Action item:
Retype the listing found below exactly, but leave out each picture.

<<<<

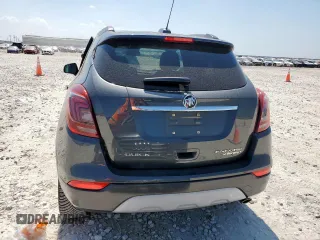 2017 Buick Encore Preferred с VIN KL4CJASB9HB124258, выставлен на аукционе Copart как лот 58008585 с пробегом 66 001 миль миль и Списание • Salvage title. История ставок и продаж доступна на DreamBid. Изображение 6.
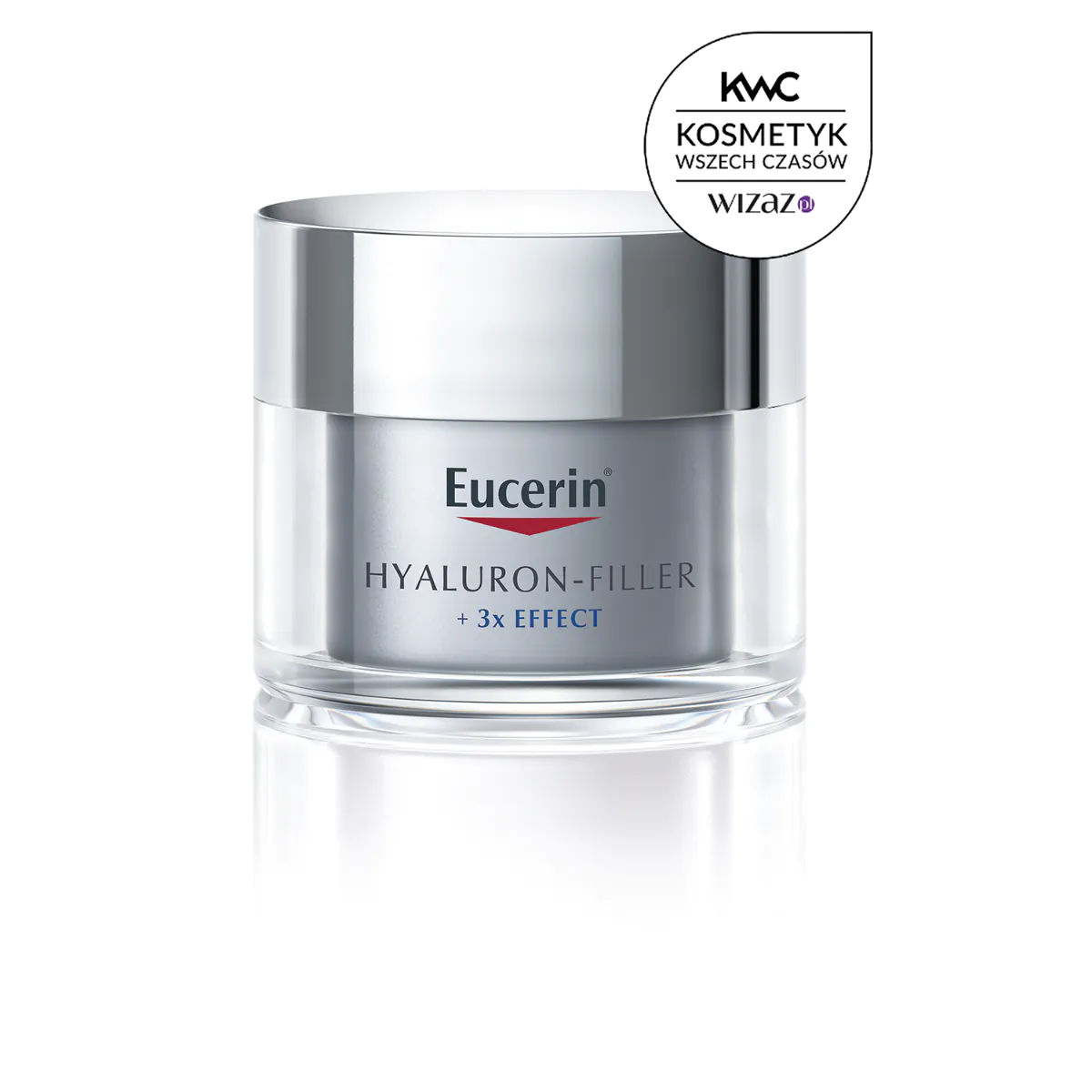 Eucerin Hyaluron Filler Krem na noc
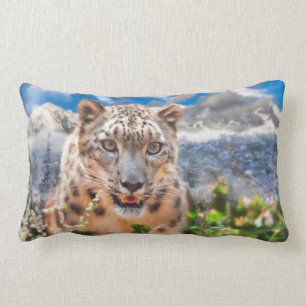 SCHNEELEOPARD SPRINGTIME BLUME LENDENKISSEN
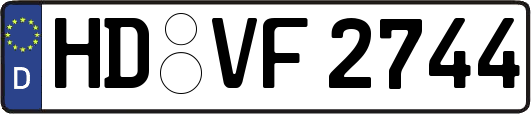 HD-VF2744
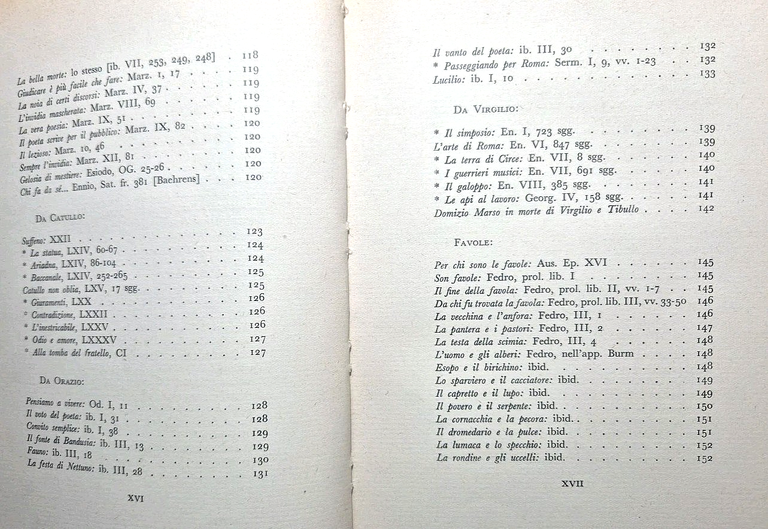 TRADUZIONI E RIDUZIONI di Giovanni Pascoli 1938 Mondadori Libro raccolte …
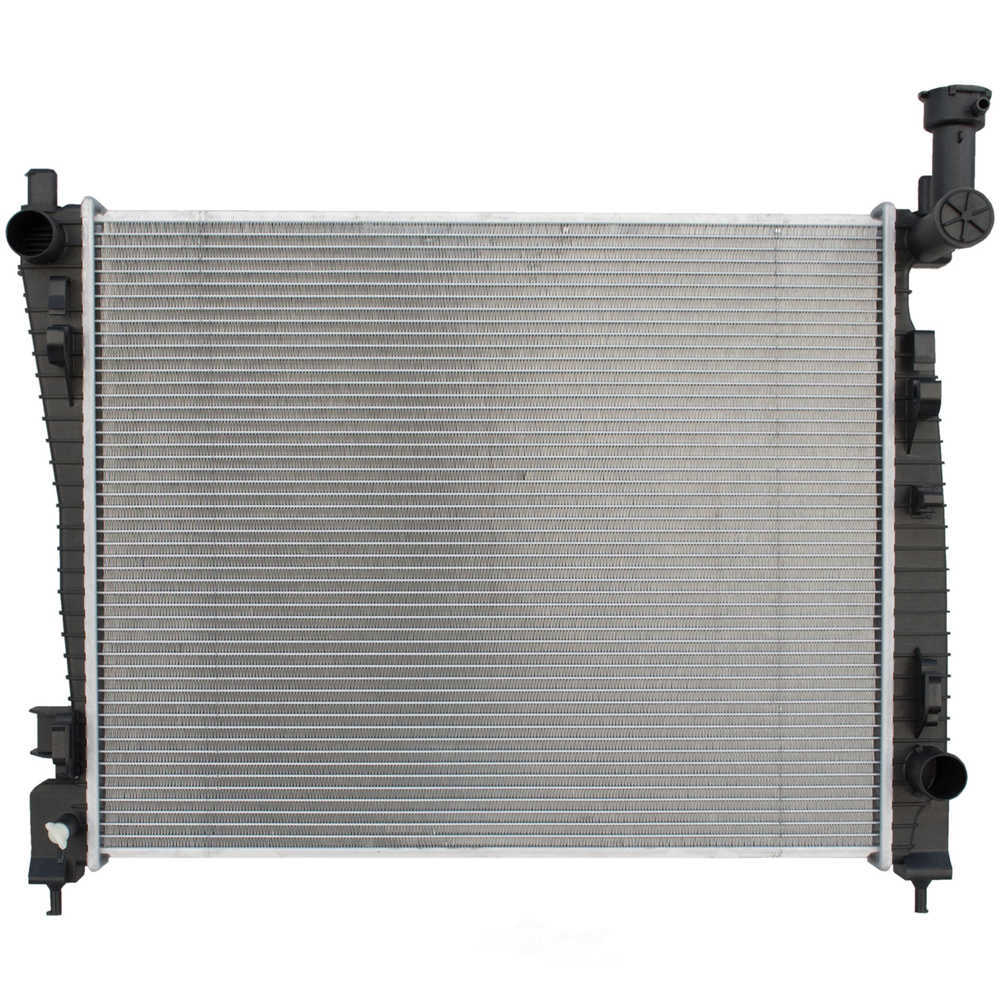 DENSO - Radiator - NDE - 221-9067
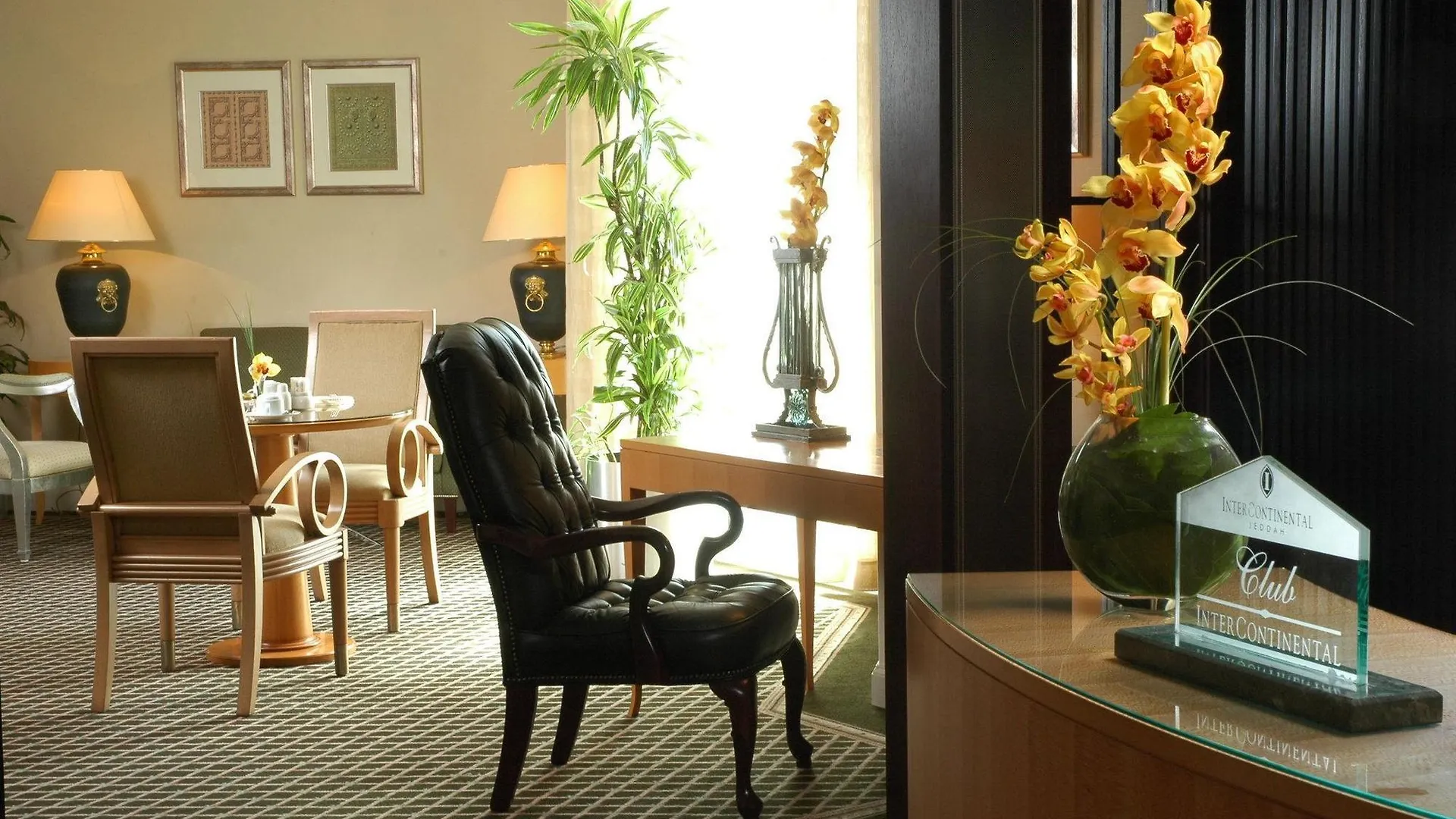 *****  Intercontinental Jeddah By Ihg Hotel Saudi Arabia
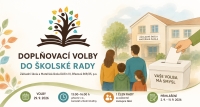 Vyhlášení doplňovacích voleb do školské rady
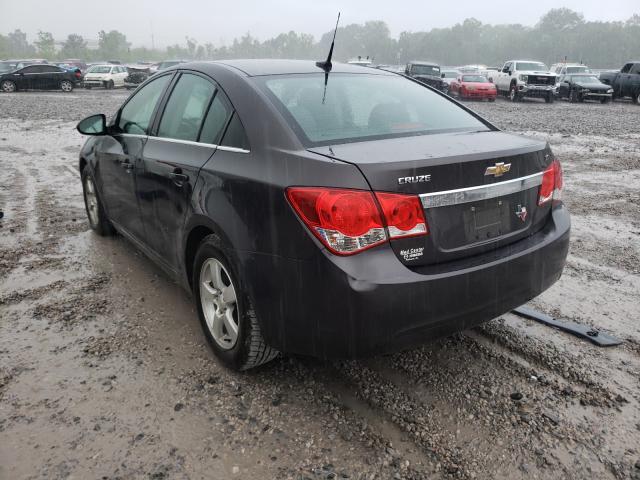 Photo 2 VIN: 1G1PC5SB0E7339186 - CHEVROLET CRUZE LT 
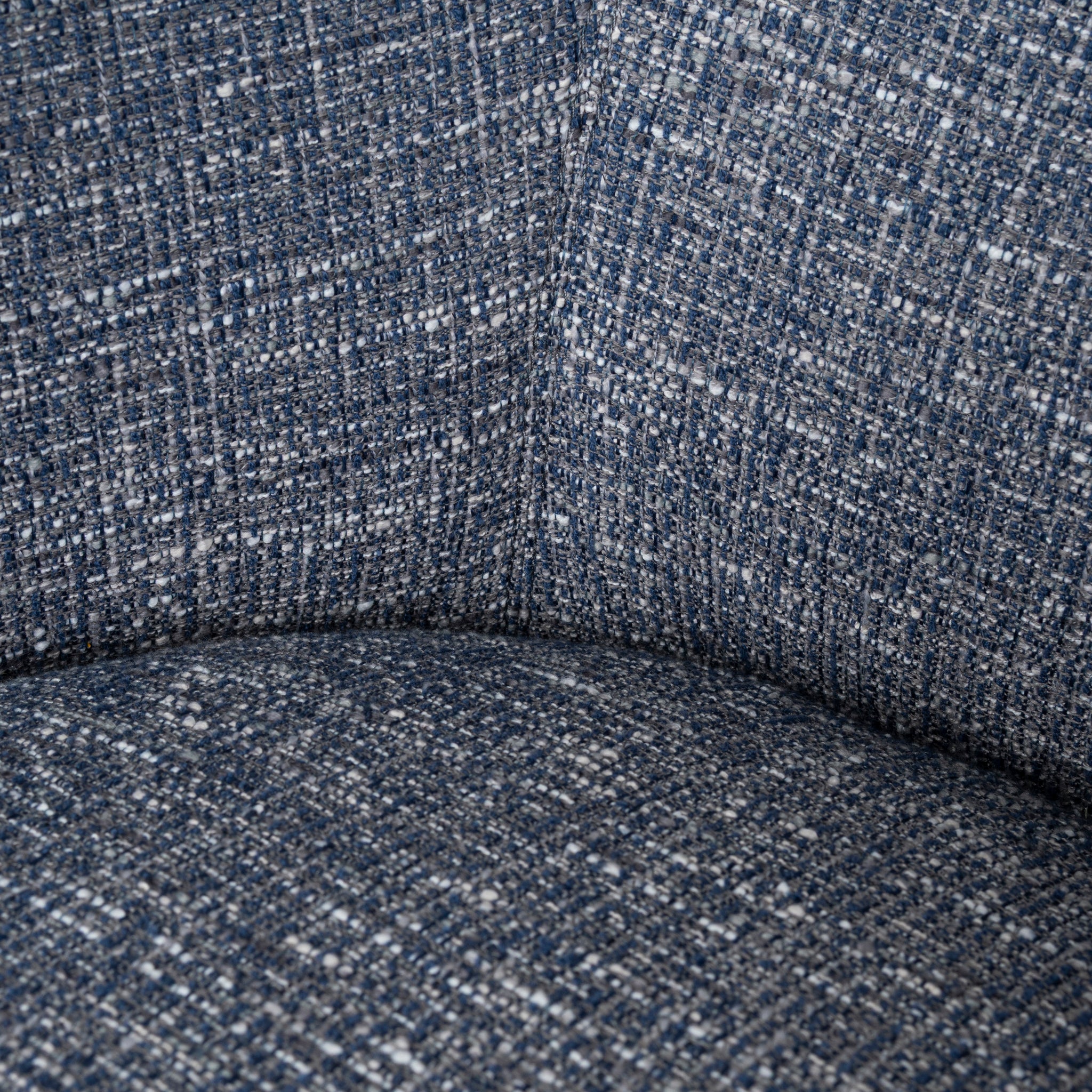 CLC10451-KJ Swivel Armchair - Prussian Blue - Image 12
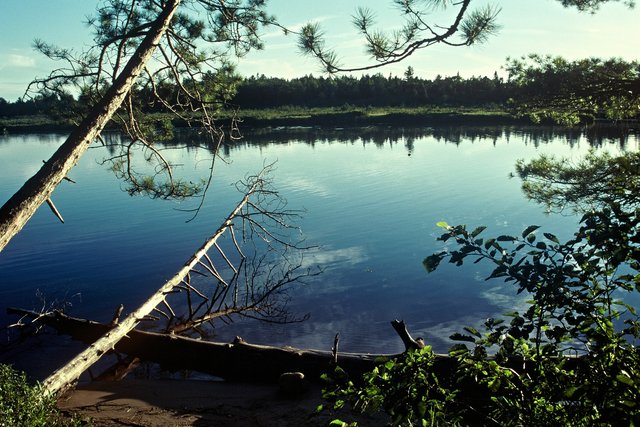 Tahquamenon River near Paradise, MI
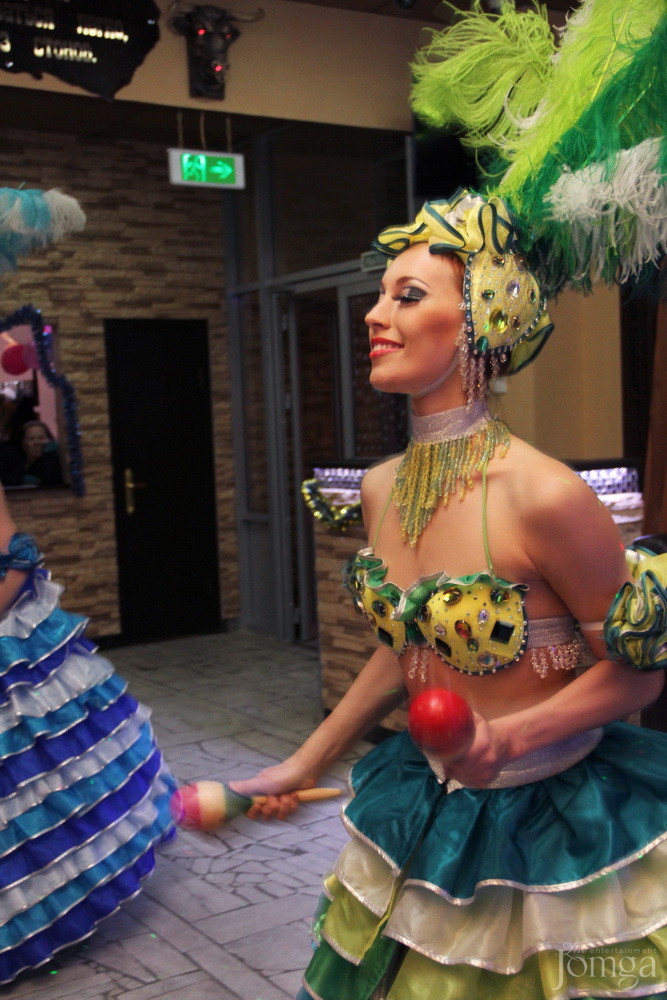 Фотография с Новогоднее сумасшествие ЧАСТЬ 2 в Золотой теленок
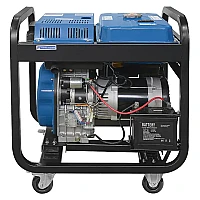 Дизельный генератор TSS SDG 9000EHA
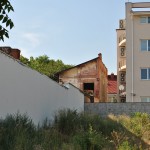 Fabrica Florica, Craiova - vedere dinspre str Paltinis
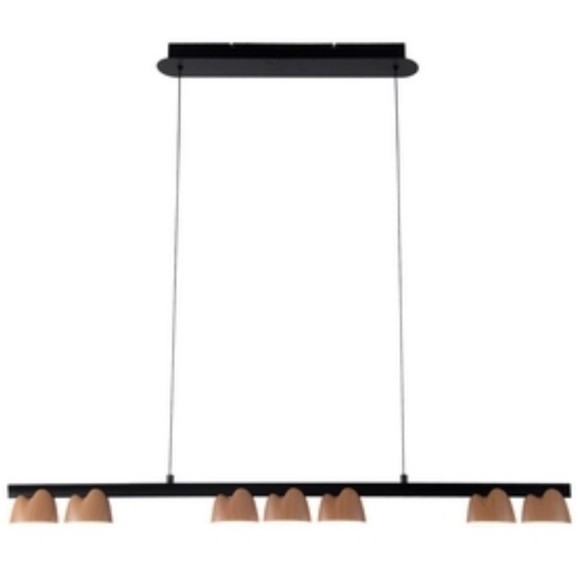 Подвесной светильник Interline 4266-7P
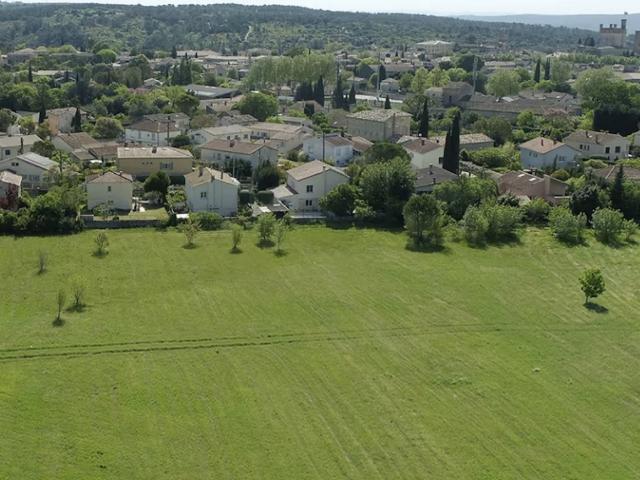 Vente Terrain à bâtir 358 m²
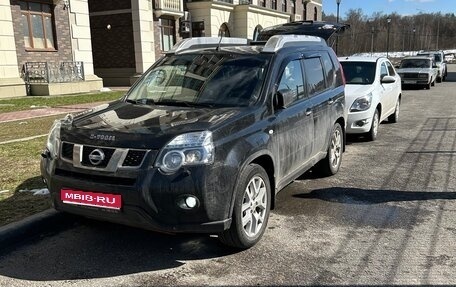 Nissan X-Trail, 2012 год, 1 300 020 рублей, 1 фотография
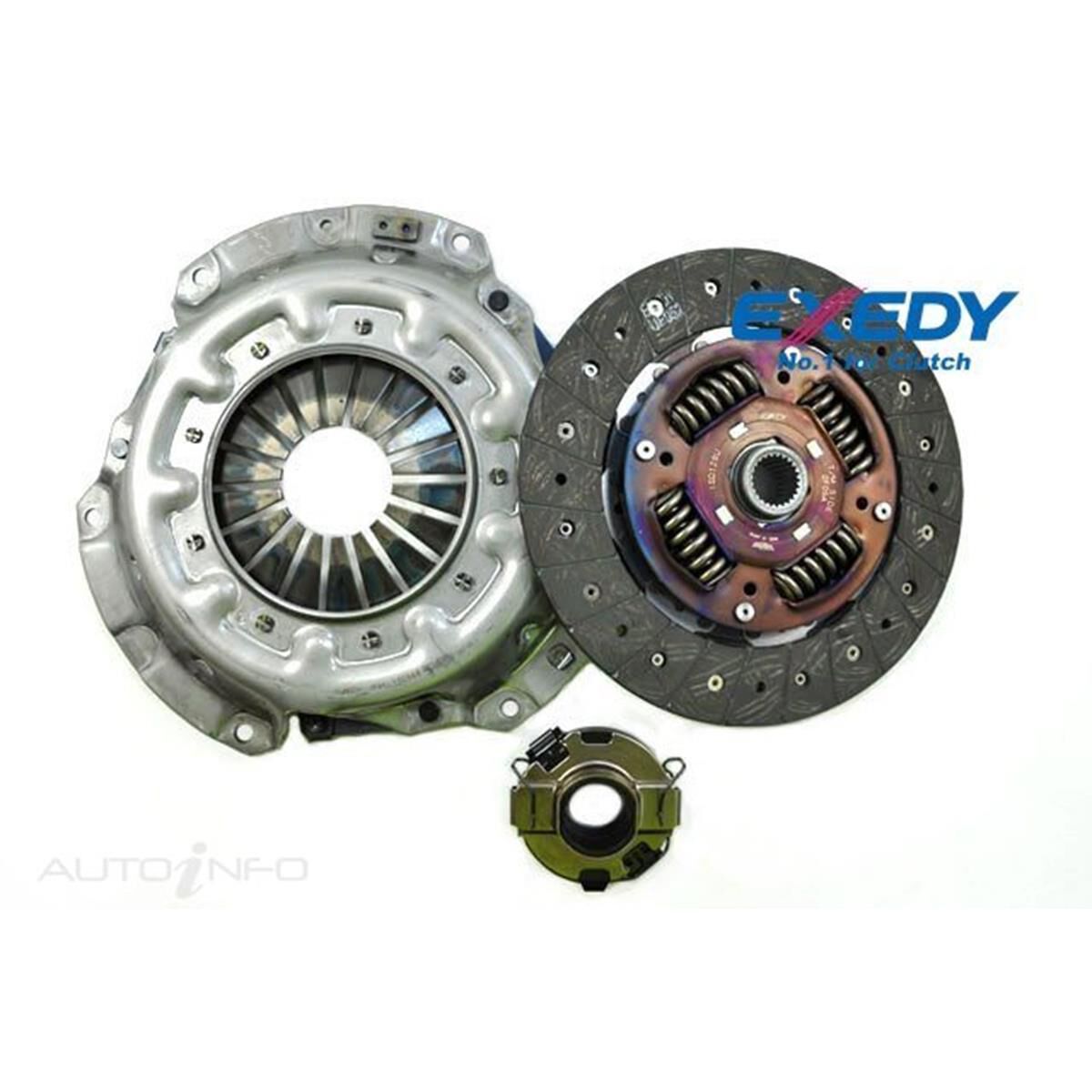 CLUTCH KIT, , scanz_hi-res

>>>>

Output for this exercise:
 2017 Buick Encore Preferred с VIN KL4CJASB9HB124258, выставлен на аукционе Copart как лот 58008585 с пробегом 66 001 миль миль и Списание • Salvage title. История ставок и продаж доступна на DreamBid. Изображение 6.
 Eucerin Hyaluron Filler Krem na noc
 SCHNEELEOPARD SPRINGTIME BLUME LENDENKISSEN
 HD-VF2744
 TRADUZIONI E RIDUZIONI di Giovanni Pascoli 1938 Mondadori Libro raccolte …
 DENSO - Radiator - NDE - 221-9067
 *****  Intercontinental Jeddah By Ihg Hotel Saudi Arabia
 Vyhlášení doplňovacích voleb do školské rady
 Photo 2 VIN: 1G1PC5SB0E7339186 - CHEVROLET CRUZE LT 
 CLC10451-KJ Swivel Armchair - Prussian Blue - Image 12
 Tahquamenon River near Paradise, MI
 Фотография с Новогоднее сумасшествие ЧАСТЬ 2 в Золотой теленок
 Дизельный генератор TSS SDG 9000EHA
 Fabrica Florica, Craiova - vedere dinspre str Paltinis
 Подвесной светильник Interline 4266-7P
 Vente Terrain à bâtir 358 m²
 Nissan X-Trail, 2012 год, 1 300 020 рублей, 1 фотография
 CLUTCH KIT, , scanz_hi-res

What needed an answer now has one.